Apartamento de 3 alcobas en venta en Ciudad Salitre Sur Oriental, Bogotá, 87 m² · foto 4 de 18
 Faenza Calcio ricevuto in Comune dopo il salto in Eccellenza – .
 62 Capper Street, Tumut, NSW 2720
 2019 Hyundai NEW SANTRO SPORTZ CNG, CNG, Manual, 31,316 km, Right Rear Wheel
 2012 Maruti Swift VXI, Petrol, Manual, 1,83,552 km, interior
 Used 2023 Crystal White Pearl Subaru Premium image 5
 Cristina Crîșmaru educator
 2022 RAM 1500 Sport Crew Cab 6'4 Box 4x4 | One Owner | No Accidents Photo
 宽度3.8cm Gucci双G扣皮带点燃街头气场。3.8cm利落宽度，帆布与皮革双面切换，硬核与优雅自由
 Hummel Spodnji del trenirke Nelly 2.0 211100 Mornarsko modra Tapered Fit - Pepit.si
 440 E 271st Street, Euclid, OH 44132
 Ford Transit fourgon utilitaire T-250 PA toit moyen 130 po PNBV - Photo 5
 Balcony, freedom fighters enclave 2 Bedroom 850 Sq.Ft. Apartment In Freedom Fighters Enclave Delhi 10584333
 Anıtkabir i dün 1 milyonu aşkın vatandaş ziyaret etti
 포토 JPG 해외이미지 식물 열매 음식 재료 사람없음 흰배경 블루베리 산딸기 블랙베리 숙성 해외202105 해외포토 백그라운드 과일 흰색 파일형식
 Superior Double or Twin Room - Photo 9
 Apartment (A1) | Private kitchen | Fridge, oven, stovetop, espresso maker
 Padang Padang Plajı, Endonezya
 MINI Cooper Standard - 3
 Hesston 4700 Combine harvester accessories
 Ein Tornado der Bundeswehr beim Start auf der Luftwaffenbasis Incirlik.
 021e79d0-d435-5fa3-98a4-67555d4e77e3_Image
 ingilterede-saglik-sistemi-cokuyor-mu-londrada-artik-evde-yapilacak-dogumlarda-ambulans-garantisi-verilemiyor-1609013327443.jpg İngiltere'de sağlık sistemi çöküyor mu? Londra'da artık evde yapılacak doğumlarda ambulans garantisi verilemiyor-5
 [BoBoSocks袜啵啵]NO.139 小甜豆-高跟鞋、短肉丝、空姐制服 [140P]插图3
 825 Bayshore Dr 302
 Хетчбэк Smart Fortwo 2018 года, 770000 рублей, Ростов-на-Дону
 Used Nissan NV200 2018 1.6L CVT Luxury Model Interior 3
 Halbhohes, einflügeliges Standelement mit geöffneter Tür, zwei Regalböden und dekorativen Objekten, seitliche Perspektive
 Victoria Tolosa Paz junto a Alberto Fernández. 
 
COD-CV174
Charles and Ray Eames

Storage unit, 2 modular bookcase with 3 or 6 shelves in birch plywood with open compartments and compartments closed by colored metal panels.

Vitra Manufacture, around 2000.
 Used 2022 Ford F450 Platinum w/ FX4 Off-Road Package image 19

────────────────────────────────────────

*AIM OF THE EXERCISE:* Reproduce the lines of the records exactly, from the first one through the line that contains "Ford Transit fourgon".

*EXPECTED ANSWER:*
Apartamento de 3 alcobas en venta en Ciudad Salitre Sur Oriental, Bogotá, 87 m² · foto 4 de 18
 Faenza Calcio ricevuto in Comune dopo il salto in Eccellenza – .
 62 Capper Street, Tumut, NSW 2720
 2019 Hyundai NEW SANTRO SPORTZ CNG, CNG, Manual, 31,316 km, Right Rear Wheel
 2012 Maruti Swift VXI, Petrol, Manual, 1,83,552 km, interior
 Used 2023 Crystal White Pearl Subaru Premium image 5
 Cristina Crîșmaru educator
 2022 RAM 1500 Sport Crew Cab 6'4 Box 4x4 | One Owner | No Accidents Photo
 宽度3.8cm Gucci双G扣皮带点燃街头气场。3.8cm利落宽度，帆布与皮革双面切换，硬核与优雅自由
 Hummel Spodnji del trenirke Nelly 2.0 211100 Mornarsko modra Tapered Fit - Pepit.si
 440 E 271st Street, Euclid, OH 44132
 Ford Transit fourgon utilitaire T-250 PA toit moyen 130 po PNBV - Photo 5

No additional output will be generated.